Finding Joy is the moving story of a mother who travels to China to adopt her daughter. With three almost grown children at home, she and her husband feel their family is not complete and they miss the joy of a baby in the home. Beautifully illustrated by Yong Chen, Marion Coste’s story tells how infant girls in China are often abandoned by families who have surpassed the “one-child” law or have delivered a daughter rather than the longed-for son.

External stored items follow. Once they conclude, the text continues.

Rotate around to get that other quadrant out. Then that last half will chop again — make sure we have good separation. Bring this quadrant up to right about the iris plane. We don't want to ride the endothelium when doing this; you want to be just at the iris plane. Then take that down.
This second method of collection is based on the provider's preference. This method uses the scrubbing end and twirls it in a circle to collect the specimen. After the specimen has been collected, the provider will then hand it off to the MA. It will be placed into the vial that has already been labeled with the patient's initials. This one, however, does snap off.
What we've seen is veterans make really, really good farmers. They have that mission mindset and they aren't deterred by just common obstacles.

A Forever Family: a True Story of Adoption. John Houghton, $16.00

John Houghton and his wife — middle class, highly educated, well-traveled — learned that they could not have children of their own. Instead they adopted three siblings, two boys and a girl, who were looking for 'a forever family', as the adoption agencies put it. What followed is all too common in adoptive families, but it is rarely talked about in public and has never been described with such transparent honesty as it is in the pages of this remarkable book … This is a story of desperate wanting, of anger and frustrated love. It is written with a kind of plain clarity that is both restrained and emotionally powerful. There is no triumphant victory over pain and loss, but there is, in the end, something like hope — a testament to the difference that two decent people can make by sustaining their commitment to an impossible situation.

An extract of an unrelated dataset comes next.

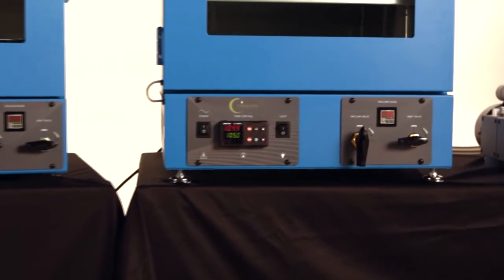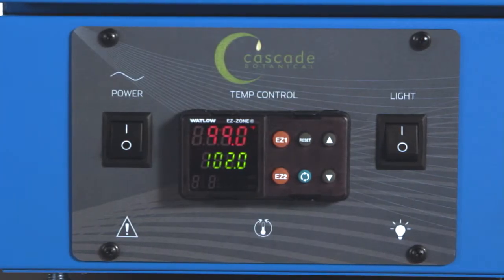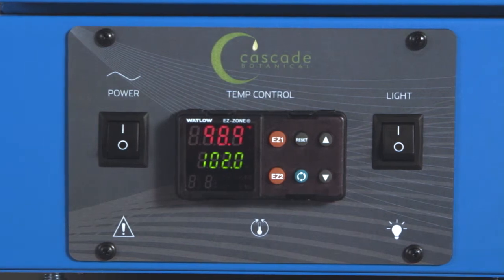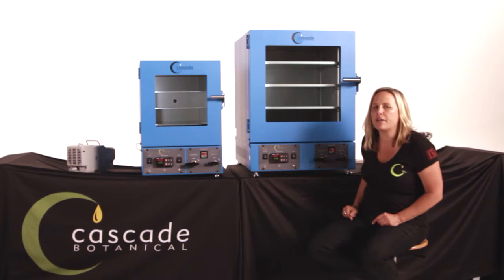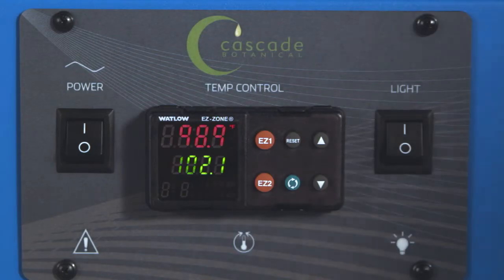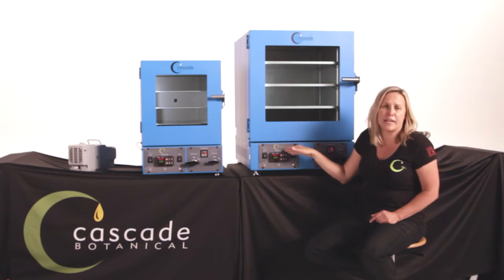On the front control panel, we have integrated the overtemp protection device into the main controller itself, and we've set it to 150 degrees Fahrenheit at the factory. This overtemp protection device is FM rated — that is the gold standard in overprotection device certifications.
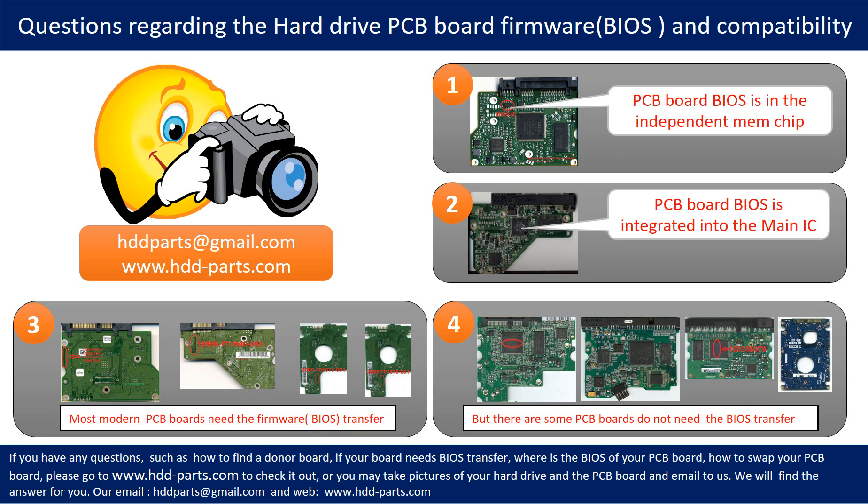The third picture shows some of these PCB boards. However, there are some hard drive PCB boards that do not need the BIOS transfer. As long as the donor boards are identical to the original boards, you can swap the boards directly. The fourth picture shows some of these kinds of boards.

Forever Lily: an Unexpected Mother’s Journey to Adoption in China. Beth Nonte Russell, $15.99

"Will you take her?" she asks.

When Beth Nonte Russell travels to China to help her friend Alex adopt a baby girl from an orphanage there, she thinks it will be an adventure, a chance to see the world. But her friend, who had prepared for the adoption for many months, panics soon after being presented with the frail baby, and the situation develops into one of the greatest challenges of Russell's life … As it becomes clear that her friend — whose indecisiveness about the adoption has become a torment — won't be bringing the baby home, Russell is amazed to realize that she cannot leave the baby behind and that her dreams have been telling her something significant, giving her the courage to open her heart and bring the child home against all odds.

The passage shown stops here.